Until recently I looked at the single mother journey from one angle: the one I could see through my eyes only. I have two children whose fathers refuse to be a part of their lives. My oldest son's father says he doesn't have to take care of our child because he was a high school student when we conceived him. Therefore, he didn't know any better and should not be penalized as a result. He also told our son not to call him ever in life and cut off all contact with him. My ex-husband, with whom I conceived my youngest son, told me he couldn't take care of our son after our divorce because it would hurt his girlfriend's feelings. She felt him paying child support, calling our son, and spending time with our son was disrespectful toward their relationship. While I pray often the two of them will come around, I think I deserve a badge of honor for not killing either one of them. Because of them, my view on being a single mother is that she is a hero. Recently, though, I found out that every single mother doesn't deserve to be celebrated.

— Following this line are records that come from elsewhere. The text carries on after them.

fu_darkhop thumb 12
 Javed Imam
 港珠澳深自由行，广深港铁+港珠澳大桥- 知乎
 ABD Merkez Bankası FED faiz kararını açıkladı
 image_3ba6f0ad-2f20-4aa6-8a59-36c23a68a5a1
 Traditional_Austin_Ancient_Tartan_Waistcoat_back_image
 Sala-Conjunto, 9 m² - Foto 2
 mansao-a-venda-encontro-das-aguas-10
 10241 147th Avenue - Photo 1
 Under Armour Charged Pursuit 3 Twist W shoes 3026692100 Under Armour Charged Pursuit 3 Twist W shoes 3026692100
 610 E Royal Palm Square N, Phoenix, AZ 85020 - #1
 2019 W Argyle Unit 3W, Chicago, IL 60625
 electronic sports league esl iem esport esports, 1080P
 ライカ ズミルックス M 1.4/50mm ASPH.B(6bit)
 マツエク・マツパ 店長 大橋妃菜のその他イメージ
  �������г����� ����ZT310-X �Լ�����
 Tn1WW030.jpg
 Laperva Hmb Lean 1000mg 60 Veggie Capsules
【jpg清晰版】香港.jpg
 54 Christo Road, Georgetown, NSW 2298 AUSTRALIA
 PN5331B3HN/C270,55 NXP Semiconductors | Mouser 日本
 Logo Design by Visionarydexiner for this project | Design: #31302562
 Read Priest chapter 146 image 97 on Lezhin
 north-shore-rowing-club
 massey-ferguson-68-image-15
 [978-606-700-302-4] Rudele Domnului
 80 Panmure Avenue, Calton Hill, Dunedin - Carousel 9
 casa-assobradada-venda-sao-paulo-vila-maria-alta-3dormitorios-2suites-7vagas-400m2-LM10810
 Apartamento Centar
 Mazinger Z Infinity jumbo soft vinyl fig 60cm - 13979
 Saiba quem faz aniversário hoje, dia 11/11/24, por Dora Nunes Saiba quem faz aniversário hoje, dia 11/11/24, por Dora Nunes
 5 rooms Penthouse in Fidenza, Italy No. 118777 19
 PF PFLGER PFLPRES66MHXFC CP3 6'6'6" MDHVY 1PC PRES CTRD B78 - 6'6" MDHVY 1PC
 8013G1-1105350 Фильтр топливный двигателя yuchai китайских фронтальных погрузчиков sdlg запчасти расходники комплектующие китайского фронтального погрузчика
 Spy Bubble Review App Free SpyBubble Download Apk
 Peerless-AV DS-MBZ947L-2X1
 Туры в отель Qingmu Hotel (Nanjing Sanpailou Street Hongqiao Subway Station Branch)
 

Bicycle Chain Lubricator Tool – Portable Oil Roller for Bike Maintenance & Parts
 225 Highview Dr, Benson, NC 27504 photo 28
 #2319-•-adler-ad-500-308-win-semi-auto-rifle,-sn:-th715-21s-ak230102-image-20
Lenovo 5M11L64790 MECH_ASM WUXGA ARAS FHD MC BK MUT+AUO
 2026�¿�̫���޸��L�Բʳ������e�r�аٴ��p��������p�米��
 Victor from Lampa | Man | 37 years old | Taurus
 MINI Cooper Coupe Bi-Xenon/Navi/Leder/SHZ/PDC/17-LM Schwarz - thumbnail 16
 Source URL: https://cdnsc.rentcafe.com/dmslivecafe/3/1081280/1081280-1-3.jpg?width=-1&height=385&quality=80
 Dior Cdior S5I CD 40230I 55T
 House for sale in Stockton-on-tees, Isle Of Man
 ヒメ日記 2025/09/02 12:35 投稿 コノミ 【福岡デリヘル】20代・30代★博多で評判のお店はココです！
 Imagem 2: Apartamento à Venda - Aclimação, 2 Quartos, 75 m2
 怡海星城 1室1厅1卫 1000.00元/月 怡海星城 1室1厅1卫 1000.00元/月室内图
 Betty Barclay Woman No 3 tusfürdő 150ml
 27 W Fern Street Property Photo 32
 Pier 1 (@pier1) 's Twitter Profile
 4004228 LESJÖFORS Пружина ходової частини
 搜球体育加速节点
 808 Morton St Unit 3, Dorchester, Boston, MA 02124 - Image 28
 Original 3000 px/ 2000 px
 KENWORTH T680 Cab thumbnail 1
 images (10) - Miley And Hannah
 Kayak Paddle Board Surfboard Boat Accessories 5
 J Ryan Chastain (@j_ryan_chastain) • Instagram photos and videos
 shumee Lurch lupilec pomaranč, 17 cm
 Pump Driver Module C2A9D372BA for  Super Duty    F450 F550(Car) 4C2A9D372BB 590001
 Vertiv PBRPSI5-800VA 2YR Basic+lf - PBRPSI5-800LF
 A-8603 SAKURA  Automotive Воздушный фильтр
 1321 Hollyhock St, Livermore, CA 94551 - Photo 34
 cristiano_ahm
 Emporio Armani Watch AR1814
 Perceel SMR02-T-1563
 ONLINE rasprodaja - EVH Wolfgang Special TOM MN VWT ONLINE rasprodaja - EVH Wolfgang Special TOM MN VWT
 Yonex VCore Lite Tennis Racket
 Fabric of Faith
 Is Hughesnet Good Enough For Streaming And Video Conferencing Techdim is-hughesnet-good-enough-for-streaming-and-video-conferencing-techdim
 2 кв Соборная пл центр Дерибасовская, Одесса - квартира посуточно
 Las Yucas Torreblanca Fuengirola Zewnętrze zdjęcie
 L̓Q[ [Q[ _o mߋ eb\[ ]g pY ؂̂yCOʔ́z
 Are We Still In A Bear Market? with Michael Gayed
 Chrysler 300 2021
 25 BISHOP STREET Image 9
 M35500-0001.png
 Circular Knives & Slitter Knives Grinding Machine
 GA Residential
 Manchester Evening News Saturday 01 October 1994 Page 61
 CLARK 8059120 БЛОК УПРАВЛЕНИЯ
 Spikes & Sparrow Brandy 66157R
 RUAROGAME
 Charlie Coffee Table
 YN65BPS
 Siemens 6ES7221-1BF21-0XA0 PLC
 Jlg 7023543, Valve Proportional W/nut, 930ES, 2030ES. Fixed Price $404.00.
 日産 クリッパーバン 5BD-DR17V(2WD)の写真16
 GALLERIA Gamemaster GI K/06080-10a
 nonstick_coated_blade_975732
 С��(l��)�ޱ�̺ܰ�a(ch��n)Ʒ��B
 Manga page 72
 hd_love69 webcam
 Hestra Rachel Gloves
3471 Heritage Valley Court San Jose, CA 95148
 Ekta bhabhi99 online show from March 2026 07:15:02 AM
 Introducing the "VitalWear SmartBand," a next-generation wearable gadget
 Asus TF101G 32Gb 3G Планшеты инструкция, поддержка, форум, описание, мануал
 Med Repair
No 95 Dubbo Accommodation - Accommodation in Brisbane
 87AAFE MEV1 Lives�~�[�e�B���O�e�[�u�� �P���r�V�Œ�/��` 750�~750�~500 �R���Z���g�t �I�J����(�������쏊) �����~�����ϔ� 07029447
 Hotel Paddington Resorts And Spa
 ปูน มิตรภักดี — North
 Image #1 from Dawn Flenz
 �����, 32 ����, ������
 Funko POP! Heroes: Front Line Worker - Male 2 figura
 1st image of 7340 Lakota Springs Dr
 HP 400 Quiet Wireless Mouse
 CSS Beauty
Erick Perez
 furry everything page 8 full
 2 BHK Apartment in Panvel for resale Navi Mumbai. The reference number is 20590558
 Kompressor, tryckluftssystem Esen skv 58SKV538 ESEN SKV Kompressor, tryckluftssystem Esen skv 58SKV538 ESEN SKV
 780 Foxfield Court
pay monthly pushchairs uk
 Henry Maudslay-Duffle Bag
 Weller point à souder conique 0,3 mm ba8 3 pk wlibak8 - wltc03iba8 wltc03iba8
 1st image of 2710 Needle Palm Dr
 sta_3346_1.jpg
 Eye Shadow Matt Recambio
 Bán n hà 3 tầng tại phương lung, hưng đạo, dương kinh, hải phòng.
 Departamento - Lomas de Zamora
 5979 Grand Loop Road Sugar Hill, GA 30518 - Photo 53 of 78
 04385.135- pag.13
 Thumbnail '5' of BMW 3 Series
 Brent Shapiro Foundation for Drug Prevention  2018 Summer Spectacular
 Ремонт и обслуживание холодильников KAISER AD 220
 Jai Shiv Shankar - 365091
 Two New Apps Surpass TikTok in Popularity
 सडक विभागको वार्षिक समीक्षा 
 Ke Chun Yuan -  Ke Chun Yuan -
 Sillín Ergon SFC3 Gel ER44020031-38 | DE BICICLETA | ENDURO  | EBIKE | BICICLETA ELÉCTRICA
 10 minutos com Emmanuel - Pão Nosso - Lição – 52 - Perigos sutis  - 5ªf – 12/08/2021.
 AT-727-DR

I never subscribed to the theory that women become single mothers because they chose the wrong men. The phrase, "She knew what she was getting into" always sounded like rubbish to me. Then I was introduced to a whole new world. In this world women have ten and eleven children, all with different fathers, and they spend their days making the fathers' lives living hells. These fathers are paying child support, yet the mothers don't allow them to see the children. The minute they get into a relationship they make their children call the new boyfriend daddy. This means that at a minimum, the oldest of eleven has called eleven different men daddy in his or her lifetime. Not cool. The minute the relationship ends the mother bashes "daddy" to all of the children. Also not cool. These things could be prevented, but in a quest to be loved they have these children in order to become attached to someone who may not necessarily be worthy of or desiring to be tied down. At the end they're left with a child. They try to use the child as a set of puppet strings. When this doesn't work they become infuriated. Their nights and days are spent harassing their children's fathers. This leaves little room for them to live their own lives. Instead of taking care of the children that they refuse to let know their fathers, they spend their days stalking the fathers' social networking pages, stalking the fathers' new girlfriends, and trying to figure out how to get more child support from the fathers. It's rarely because they need the extra money, but they are using it to hurt the fathers. This is especially true if the father has improved his life since breaking up with her.

The sad part is that this way of life is based on bitterness and the inability to control men. "Daddy issues" may play a part in it, but it's mostly because they thought their children were going to keep these men doing what they wanted. They live with this idea that as long as they have these men's children they'll have control over what's in their pants. When they find out this isn't true they become outraged.

Making a baby is a two person task. If it is in a woman's mind to have a baby with a man because she wants to control him, she should first take into consideration what she will be gaining control of. If she wants thousands of dollars in child support, she probably should find somebody who brings home thousands of dollars every pay check. It makes no sense to have a baby with the guy who laces the sneakers at Foot Locker and then try to get $1500 a week in child support from him. It ain't gonna happen. Then she says she won't allow the father to be a part of the child's life because he's not a "good, Christian man." Okay, if she didn't meet him in church she shouldn't be surprised by that. She met him in the club, on "the block," or at some party where they traded shotguns and shared a bottle of Hennessey on someone's couch all night. If she wanted some wholesome man she should have gone to church and gotten pregnant by a deacon or a saint. Then no matter how things ended between them, regardless of who was at fault, she doesn't feel he should move on. It's okay for her to have ten or eleven children, but if six or seven years later he decides to have another relationship she's going to do whatever she can to make him miserable. She still carries that bitterness and resentment from their breakup. It would be better for her to try to be civil and move on as he did.

At the end of the day she is left with a bunch of kids. Instead of cherishing them as the blessings they are, she uses them as pawns in a game. She loses every time. Not only does she lose, the children lose. Because they are nothing more to her than joysticks in her sick game, they don't get to know their fathers. All they get to learn is her side of the story. They grow up resenting men who spend years fighting to spend time with them. By the time they are old enough to learn the truth their relationships are damaged, many times beyond repair. It's a sick, sad world we live in.